_What you have to do_: In the entries that follow, find the line containing "Nick Blankenburg Women's" and the line containing "Davido and his", then retype exactly the lines from the first through the second, pictures excluded.
-------- Provided entries --------
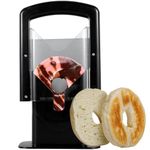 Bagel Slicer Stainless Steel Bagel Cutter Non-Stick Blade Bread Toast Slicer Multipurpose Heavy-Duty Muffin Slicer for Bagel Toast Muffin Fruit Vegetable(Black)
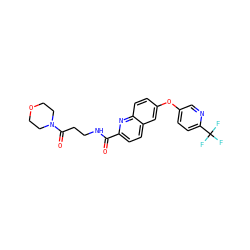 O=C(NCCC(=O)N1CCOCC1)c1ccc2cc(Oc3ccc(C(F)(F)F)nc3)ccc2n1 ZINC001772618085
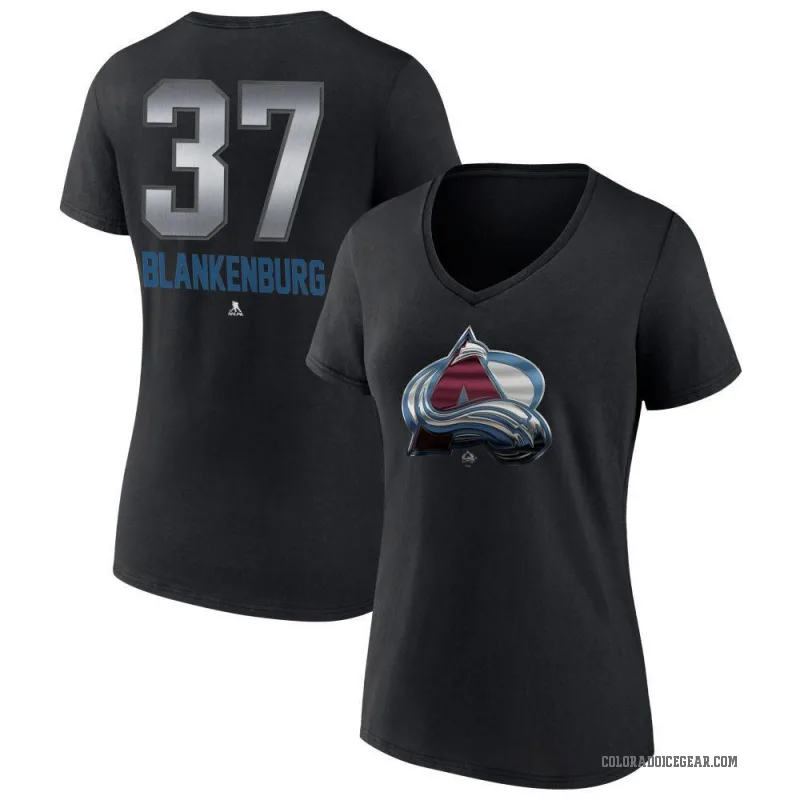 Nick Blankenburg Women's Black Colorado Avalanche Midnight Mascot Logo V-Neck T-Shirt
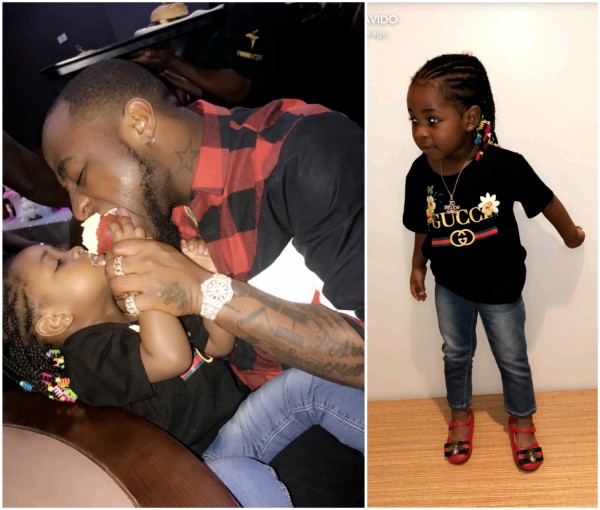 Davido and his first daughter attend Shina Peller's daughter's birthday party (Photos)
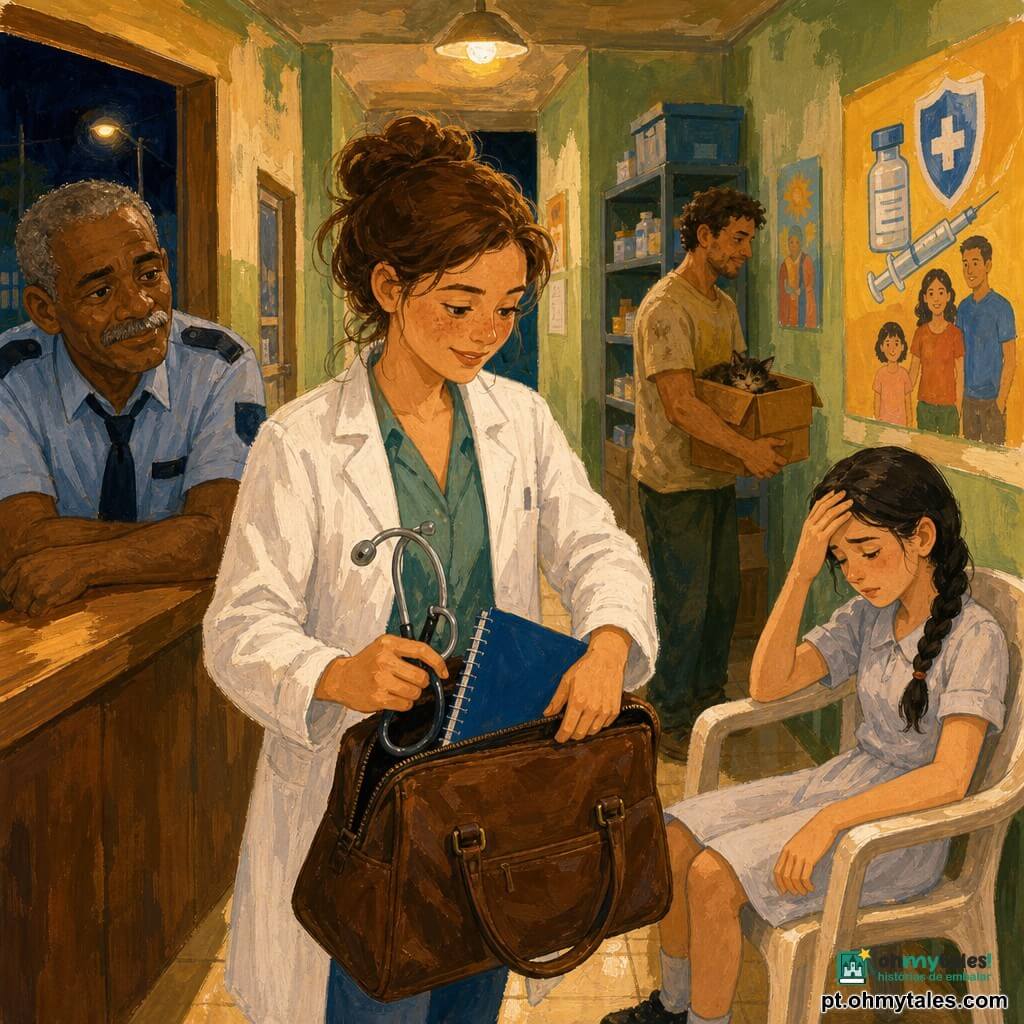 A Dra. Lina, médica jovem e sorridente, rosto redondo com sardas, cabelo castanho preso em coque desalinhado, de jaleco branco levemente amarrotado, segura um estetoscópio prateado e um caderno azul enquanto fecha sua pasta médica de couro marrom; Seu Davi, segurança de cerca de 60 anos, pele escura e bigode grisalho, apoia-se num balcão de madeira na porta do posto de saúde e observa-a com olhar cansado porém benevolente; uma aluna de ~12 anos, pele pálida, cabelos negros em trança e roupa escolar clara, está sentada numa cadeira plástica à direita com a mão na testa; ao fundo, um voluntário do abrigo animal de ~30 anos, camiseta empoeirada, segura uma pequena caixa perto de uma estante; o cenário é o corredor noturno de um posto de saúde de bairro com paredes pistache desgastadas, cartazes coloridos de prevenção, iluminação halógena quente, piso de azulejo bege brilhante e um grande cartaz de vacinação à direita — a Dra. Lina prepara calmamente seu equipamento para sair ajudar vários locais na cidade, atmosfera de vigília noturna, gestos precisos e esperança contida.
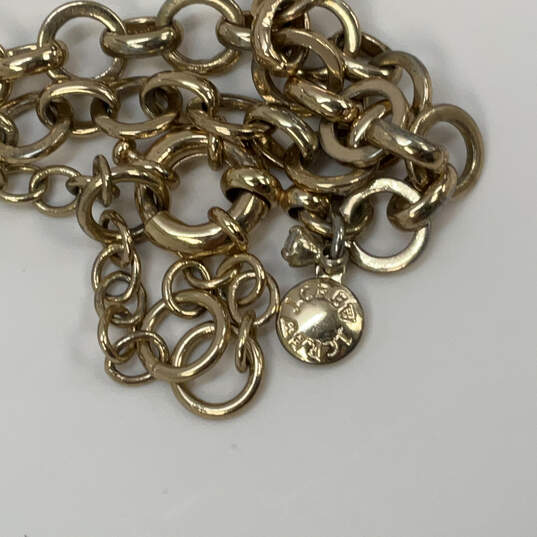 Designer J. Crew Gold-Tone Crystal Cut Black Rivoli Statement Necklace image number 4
--------
_Answer box_:
 Nick Blankenburg Women's Black Colorado Avalanche Midnight Mascot Logo V-Neck T-Shirt
 Davido and his first daughter attend Shina Peller's daughter's birthday party (Photos)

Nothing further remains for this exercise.